If an employee pursues a frivolous or groundless lawsuit, many federal and state employment laws permit courts to award attorney's fees and litigation costs to prevailing employers. However, because of the courts' traditional reluctance to award attorney's fees and costs to prevailing employers, regardless of the merits of employees' lawsuits, most employers consider legal fees and other expenses of defending employment lawsuits as costs of doing business.

Cherry v. Champion International Corp., a July 27, 1999, decision of the Fourth Circuit Court of Appeals, may make it easier for employers to recover some court costs in some cases. In that case, the appeals court ordered a former employee who lost her sexual harassment lawsuit to reimburse the employer $2,473.78 for deposition transcription and copying costs.

Cherry involved a former employee of Champion's Canton, North Carolina pulp mill who sued the company for sexual harassment and intentional infliction of emotional distress in a North Carolina federal district court.

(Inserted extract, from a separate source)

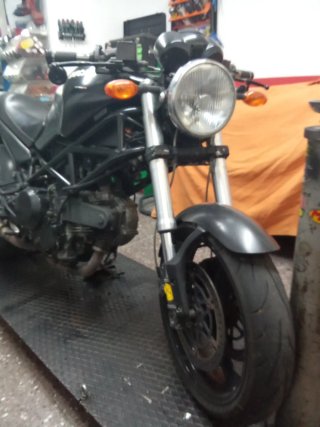Ducati 695 averiada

The district court dismissed Cherry's case on Champion's pre-trial motion for summary judgment. Specifically, the district court found that Cherry's lawsuit was timely filed with regard to only one of the eight incidents of harassment that she challenged. With regard to the remaining claim, the district court ruled that Champion promptly and thoroughly responded to Cherry's complaints, and "did everything within its power to stop the conduct [Cherry] found offensive and to provide her with other employment opportunities."

Champion asked the district court for the costs of transcribing and videotaping Cherry's deposition and costs incurred in copying documents. Despite the weakness of Cherry's claims, the district court refused to award any costs to Champion, citing Cherry's apparent good faith, her modest means, and the public policies she attempted to advance in pursuing the lawsuit.

The Fourth Circuit reversed the district court's decision, noting that a federal rule of procedure generally requires federal courts to award costs (other than attorney's fees) to prevailing parties in civil cases. Under the Fourth Circuit's interpretation, costs should be awarded to prevailing employers unless the employee is completely unable to pay, or if the employer committed some misconduct worthy of a penalty. Additionally, lower federal courts may consider the limited value of the victory, excessiveness of the costs, or the "closeness and difficulty of the issues decided," in determining whether to grant an unsuccessful employee relief from costs.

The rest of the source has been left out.